Items from a data source

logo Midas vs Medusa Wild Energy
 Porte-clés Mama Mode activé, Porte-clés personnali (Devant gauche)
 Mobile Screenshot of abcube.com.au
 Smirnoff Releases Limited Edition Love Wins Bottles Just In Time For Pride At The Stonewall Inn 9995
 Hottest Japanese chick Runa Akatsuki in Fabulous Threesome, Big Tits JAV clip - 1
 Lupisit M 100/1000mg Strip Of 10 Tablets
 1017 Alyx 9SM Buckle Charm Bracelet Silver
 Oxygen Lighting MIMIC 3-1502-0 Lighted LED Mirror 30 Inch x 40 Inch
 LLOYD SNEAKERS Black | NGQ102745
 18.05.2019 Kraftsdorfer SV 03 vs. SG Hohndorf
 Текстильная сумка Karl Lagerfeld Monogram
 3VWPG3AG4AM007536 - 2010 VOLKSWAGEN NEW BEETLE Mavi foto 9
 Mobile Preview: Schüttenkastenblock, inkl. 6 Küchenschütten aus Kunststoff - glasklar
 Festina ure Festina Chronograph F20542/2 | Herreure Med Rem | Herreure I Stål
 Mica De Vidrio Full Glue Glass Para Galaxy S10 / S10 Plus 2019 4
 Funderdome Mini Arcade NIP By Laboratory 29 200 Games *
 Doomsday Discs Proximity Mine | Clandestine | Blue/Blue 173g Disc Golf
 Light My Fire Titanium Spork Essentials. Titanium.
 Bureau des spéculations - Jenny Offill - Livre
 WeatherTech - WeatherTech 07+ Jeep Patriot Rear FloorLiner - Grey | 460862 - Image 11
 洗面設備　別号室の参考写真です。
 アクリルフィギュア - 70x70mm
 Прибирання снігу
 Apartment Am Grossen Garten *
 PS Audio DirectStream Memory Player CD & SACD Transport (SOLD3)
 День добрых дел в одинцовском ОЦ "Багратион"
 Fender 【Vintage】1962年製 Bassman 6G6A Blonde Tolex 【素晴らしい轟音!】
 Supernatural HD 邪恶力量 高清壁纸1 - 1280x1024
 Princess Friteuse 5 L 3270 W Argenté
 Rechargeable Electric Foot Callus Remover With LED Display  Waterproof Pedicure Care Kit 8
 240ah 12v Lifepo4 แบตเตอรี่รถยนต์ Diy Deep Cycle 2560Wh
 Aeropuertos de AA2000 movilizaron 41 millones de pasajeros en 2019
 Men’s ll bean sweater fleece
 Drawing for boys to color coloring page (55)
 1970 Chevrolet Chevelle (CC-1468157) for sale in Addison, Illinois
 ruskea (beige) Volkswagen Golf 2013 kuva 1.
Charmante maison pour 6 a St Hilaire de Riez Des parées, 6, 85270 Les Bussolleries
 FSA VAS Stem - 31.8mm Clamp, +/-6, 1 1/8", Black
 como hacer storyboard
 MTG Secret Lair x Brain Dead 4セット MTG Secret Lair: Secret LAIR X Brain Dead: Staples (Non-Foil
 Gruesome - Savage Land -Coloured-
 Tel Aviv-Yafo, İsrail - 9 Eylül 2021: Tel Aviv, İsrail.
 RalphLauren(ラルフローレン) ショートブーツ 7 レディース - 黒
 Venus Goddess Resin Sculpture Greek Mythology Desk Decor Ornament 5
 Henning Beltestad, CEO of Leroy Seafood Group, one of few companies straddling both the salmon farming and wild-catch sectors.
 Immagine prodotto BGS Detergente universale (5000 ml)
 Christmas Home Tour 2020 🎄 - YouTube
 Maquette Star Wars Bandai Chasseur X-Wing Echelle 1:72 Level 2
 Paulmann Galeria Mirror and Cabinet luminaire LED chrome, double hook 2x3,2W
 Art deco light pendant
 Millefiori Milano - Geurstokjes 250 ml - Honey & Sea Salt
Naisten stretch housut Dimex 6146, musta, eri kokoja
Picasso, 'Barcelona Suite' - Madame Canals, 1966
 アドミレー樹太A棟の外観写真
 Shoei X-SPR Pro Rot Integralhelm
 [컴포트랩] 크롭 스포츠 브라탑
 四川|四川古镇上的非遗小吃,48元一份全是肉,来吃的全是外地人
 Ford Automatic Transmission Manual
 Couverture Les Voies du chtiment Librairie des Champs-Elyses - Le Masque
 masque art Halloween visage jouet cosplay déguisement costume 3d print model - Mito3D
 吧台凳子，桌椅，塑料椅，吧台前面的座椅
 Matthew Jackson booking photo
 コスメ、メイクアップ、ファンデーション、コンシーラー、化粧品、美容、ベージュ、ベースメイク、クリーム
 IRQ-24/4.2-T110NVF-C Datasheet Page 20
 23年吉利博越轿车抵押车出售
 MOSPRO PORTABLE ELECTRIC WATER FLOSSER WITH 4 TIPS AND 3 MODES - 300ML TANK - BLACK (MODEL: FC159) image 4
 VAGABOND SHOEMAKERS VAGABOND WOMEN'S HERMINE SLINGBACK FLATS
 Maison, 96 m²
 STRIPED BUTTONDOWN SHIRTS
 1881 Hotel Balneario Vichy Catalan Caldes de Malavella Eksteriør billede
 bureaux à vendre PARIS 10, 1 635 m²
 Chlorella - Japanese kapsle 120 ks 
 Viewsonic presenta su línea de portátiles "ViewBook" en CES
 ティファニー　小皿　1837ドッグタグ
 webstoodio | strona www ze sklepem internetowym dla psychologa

* [TASK INSTRUCTIONS]: Look through the records for the string "Japanese". Copy every line that has it.

* [OUTPUT BELOW]:
 Hottest Japanese chick Runa Akatsuki in Fabulous Threesome, Big Tits JAV clip - 1
 Chlorella - Japanese kapsle 120 ks 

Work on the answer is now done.